Nach dem Aufwachen wuchs Böhnkes Energie von Tag zu Tag. Lieselotte musste ihn in seinem Tatendrang bändigen. Am liebsten wäre er sofort losgezogen, um zu erforschen, was passiert war. Zu seinem eigenen Erschrecken konnte er sich nicht mehr an das Geschehen erinnern. Er wusste nur noch, dass er in Roetgen losgefahren war, um nach Huppenbroich zu gelangen.

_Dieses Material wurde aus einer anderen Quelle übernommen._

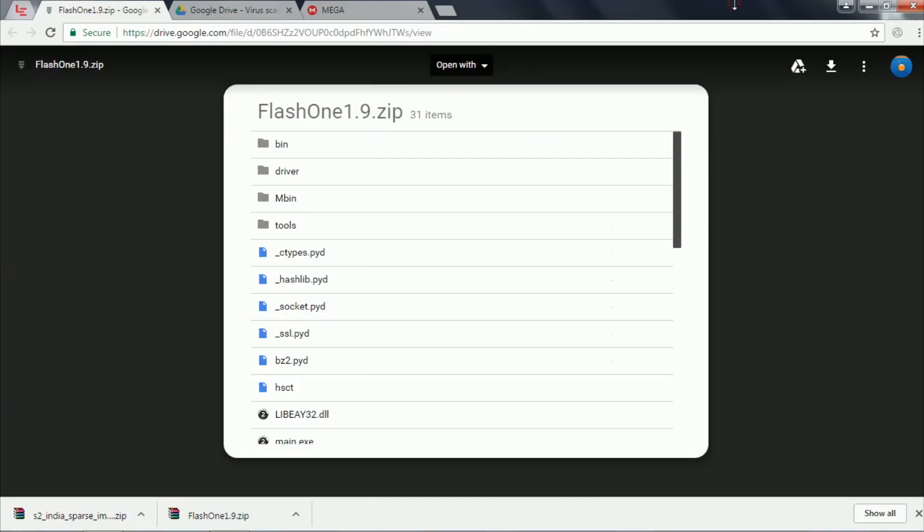To begin with, you need a working PC, a bricked LeEco LE2, and a USB Type-C cable.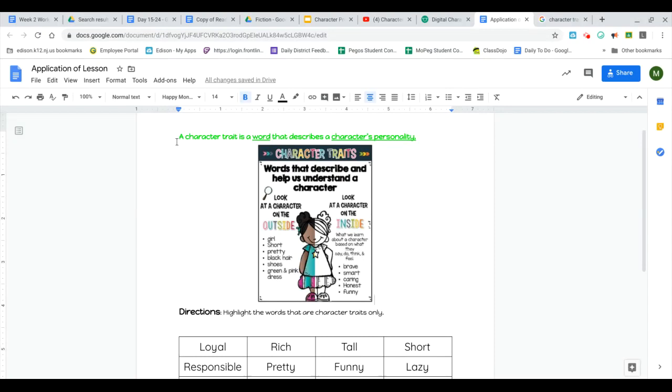Up here is a definition that says a character trait is a word that describes a character's personality. Remember, you are not describing what the person looks like on the outside. So this anchor chart is up here, and it is not what the character is on the outside.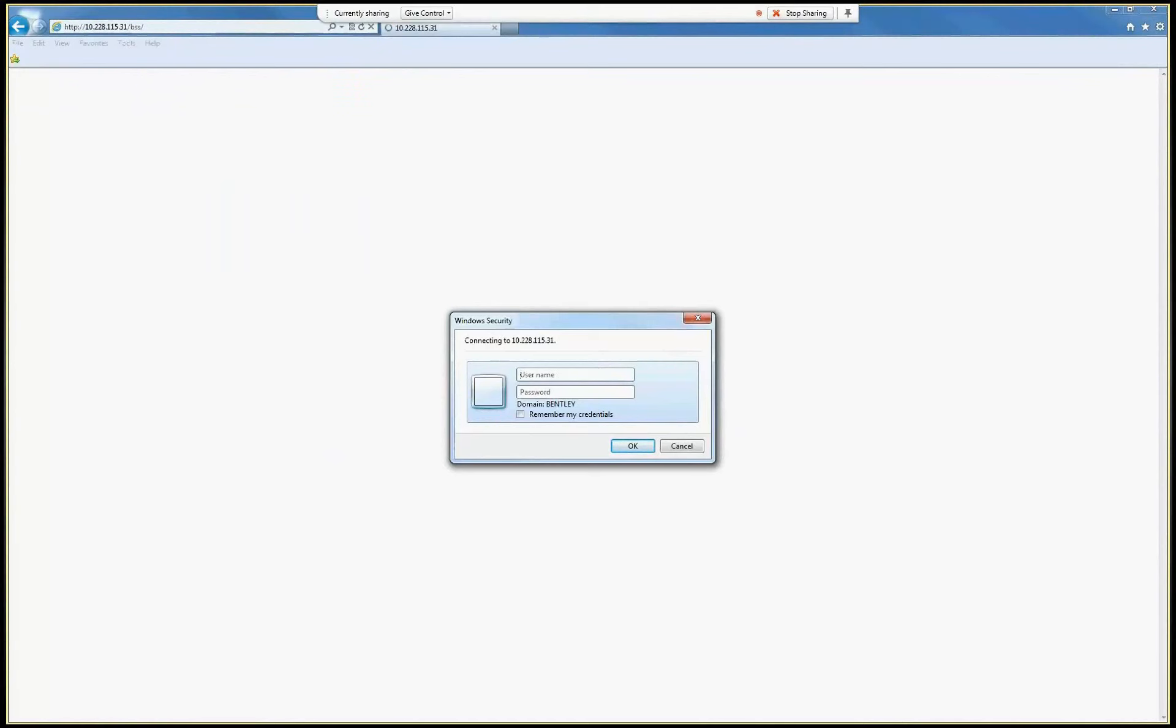I will authenticate using a regular user account in that domain. That's a regular user, not an administrator. Just a second.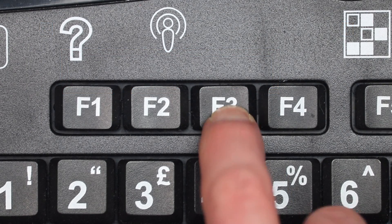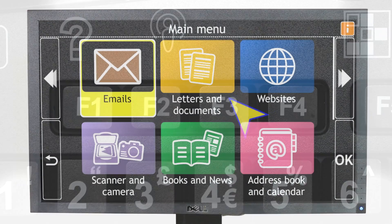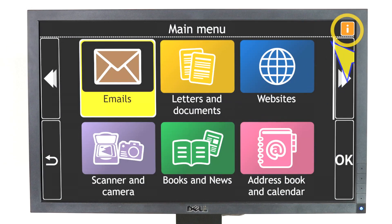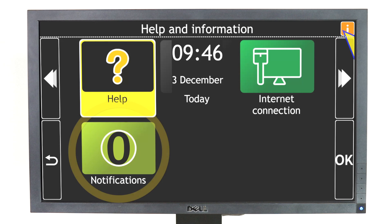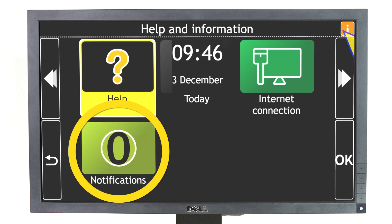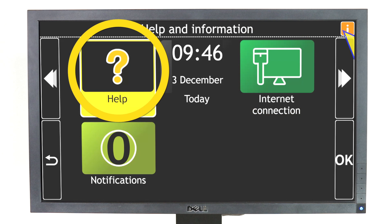Alternatively, press F3 on your keyboard or click on the yellow button at the top right of the screen. Here, you can find help and information about your device, such as notifications, whether you're connected to the internet, and more.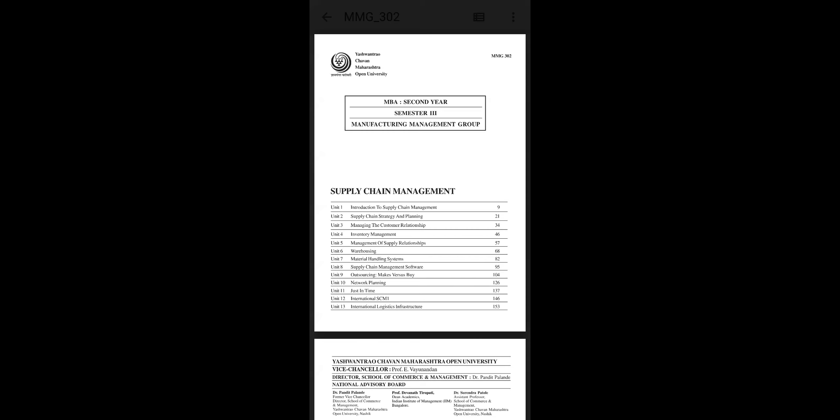Good morning students. Today we are going to study the subject Supply Chain Management. In your syllabus you have 13 units: introduction to supply chain management, supply chain strategy and planning, managing customer relationships, inventory management, management of supply relationships, warehousing, material handling systems, supply chain management software, outsourcing mix versus bad, network planning, just-in-time, international supply chain management, and international logistics infrastructure.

»Was soll’s«, tröstete er sich. »Hauptsache, ich komme hier heil heraus.«
Danach sah es in der Tat aus. Die medizinische Rundumkontrolle und Versorgung setzte alle Zeichen auf Vorfahrt. Letztendlich war es Lieselotte, die davor warnte, voreilig zu sein und ihn länger im Krankenhaus hielt, als er wollte.

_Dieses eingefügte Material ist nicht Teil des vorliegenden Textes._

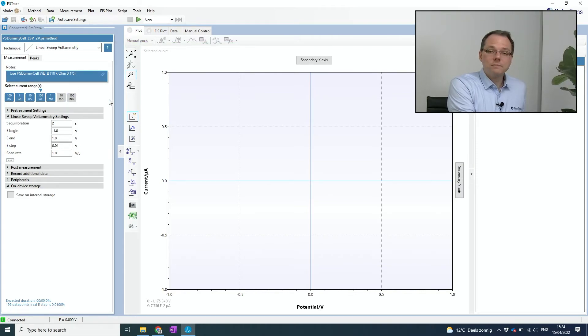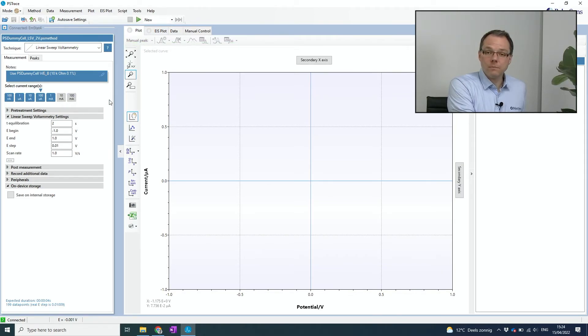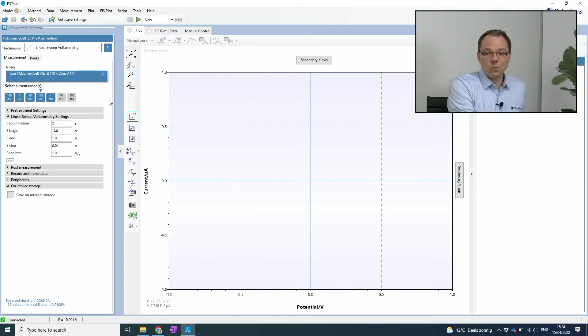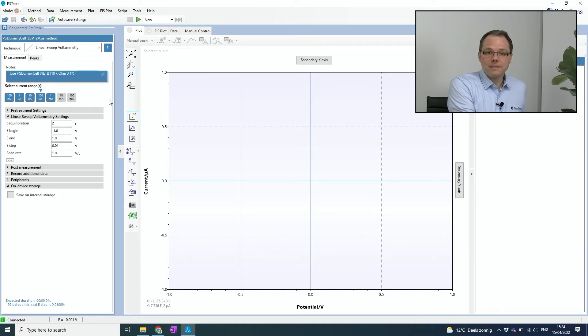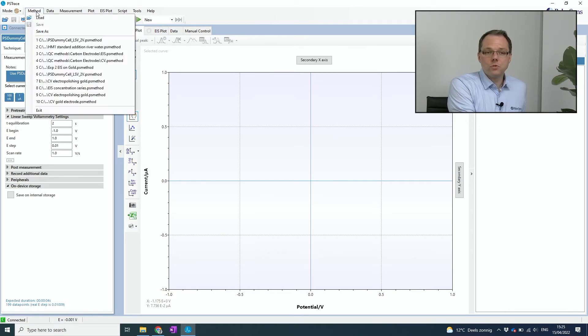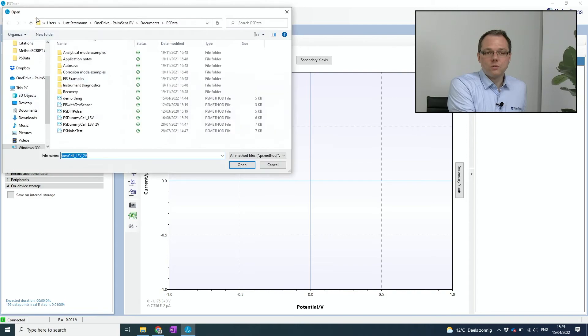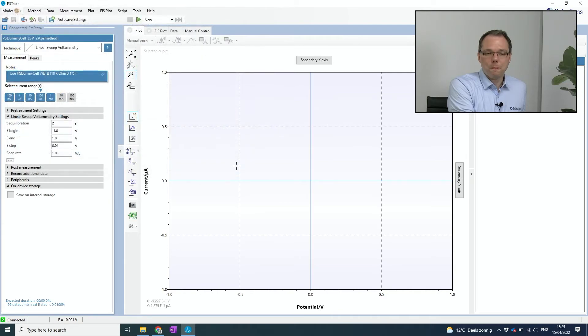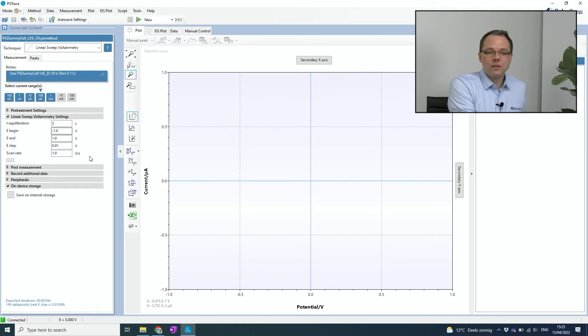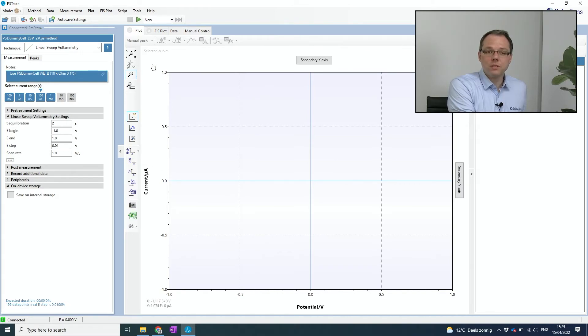As a first measurement, I want to perform a linear sweep voltammetry on my 10 kilohm resistor. I can set the parameters myself if I want to, but there's also the option to load a method file. So I can just go to method, load, and then I select the method file that I want to use. So now it has loaded the parameters that I want to use for this measurement. So I just need to press run.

»Du bist mein Weihnachtsgeschenk«, hatte sie ihm gesagt, als sie dem grummelnden Böhnke erklärte, er würde an Heiligabend entlassen. Sie hatte ihm die Zeit im Krankenhaus kurz werden lassen, war immer für ihn da gewesen und hatte ihn mit allem versorgt, was er wünschte, und war mit ihm auch ins nahe gelegene Café an der Hauptstraße gelaufen. Die Aussicht auf gedeckten Apfel mit Sahne hatte ihm schnelle Beine verliehen. Selbst Zeitungen hatte sie ihm besorgt, sodass er nachlesen konnte, wie sein Unfall geschildert wurde.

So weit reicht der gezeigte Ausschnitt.